Para além dos processos disciplinares, havia ainda “centenas de mails” a circular entre os funcionários do Fisco a avisar os colegas para terem cuidado nos acessos ao sistema informático porque estariam a ser vigiados.

De acordo com o presidente do sindicato foram já instaurados 33 processos disciplinares, há outros cinco casos em averiguação e mais de 100 pessoas notificadas para serem ouvidas. O número normal de processos deste tipo era dois ou três por ano, acrescenta Paulo Ralha. O Sindicado dos Trabalhadores dos Impostos é ouvido esta quinta-feira na comissão de orçamento e finanças do Parlamento. Sexta-feira será a vez do secretário de estado dos Assuntos Fiscais, Paulo Núncio, e do diretor-geral demissionário, António Brigas Afonso.

Gravações revelam bolsa e pacote VIP

Para alem destes dados, o sindicato tem várias gravações das ações de formação realizadas no dia 20 de janeiro, em que o diretor dos serviços de auditoria da AT se refere à existência de uma espécie de lista de contribuintes VIP. A gravação das declarações de Vítor Lourenço, divulgada pela revista Visão, revela que de manhã, na Torre do Tombo foi usada a expressão bolsa VIP de contribuintes perante 300 inspetores estagiários. Na tarde do mesmo dia, o responsável usou a expressão pacote VIP numa audiência de 200 pessoas.

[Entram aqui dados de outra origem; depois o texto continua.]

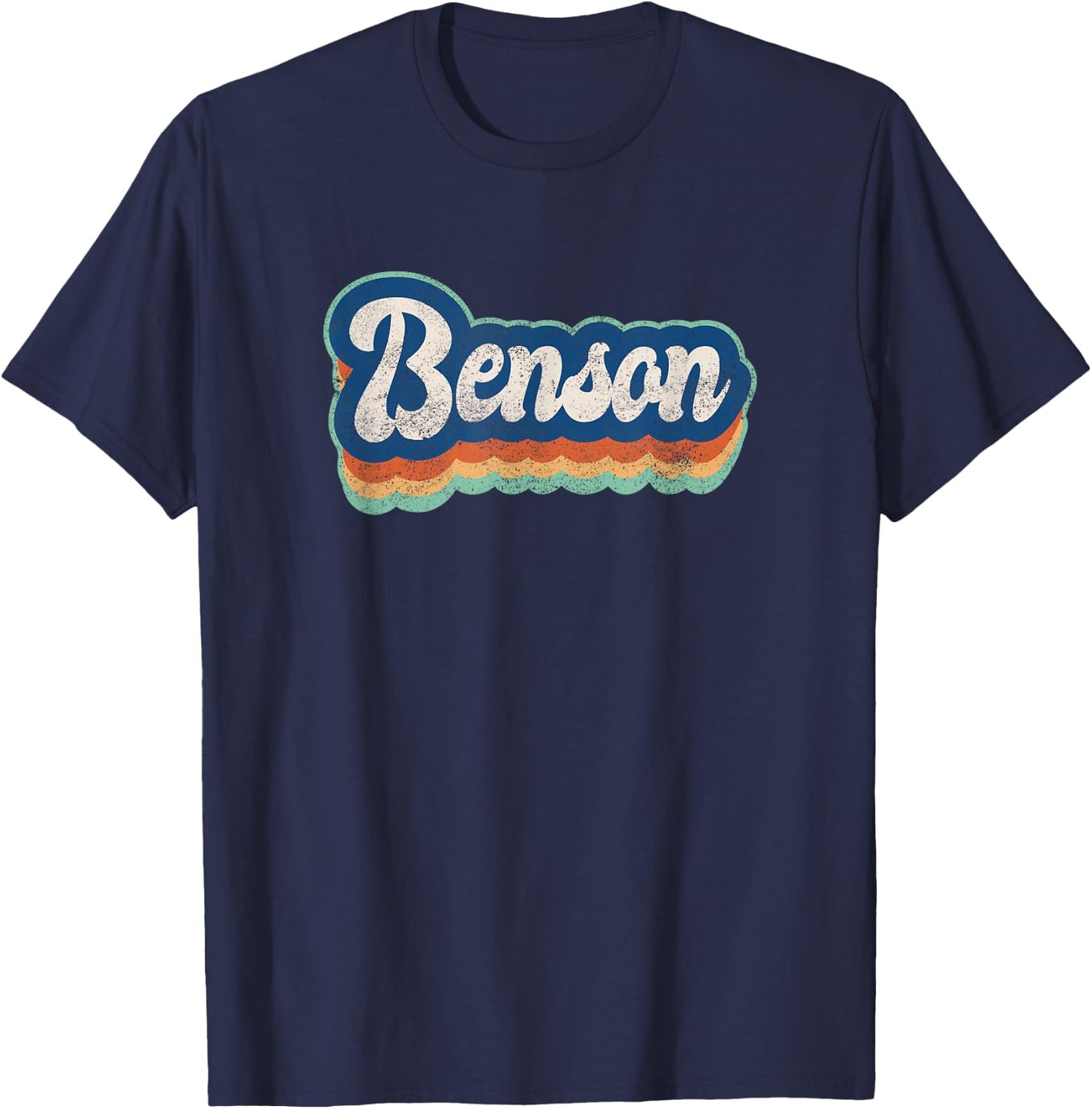 Benson First Name Boy Vintage Style 70s 80s Personalized T-Shirt - T-Shirt | Navy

O sindicato dos impostos ainda não foi contactado para facultar esta informação no quadro da investigação pedida à Inspeção-Geral de Finanças (IGF). Paulo Ralha manifesta aliás desconfiança em relação à independência de uma auditoria da IGF, lembrando que esta entidade, que é responsável pelo controlo interno do Estado, depende também da ministra das Finanças, tal como a Autoridade Tributária. Seria preferível que a auditoria fosse realizada por uma entidade externa e independente, sob a tutela da Procuradoria-Geral da República.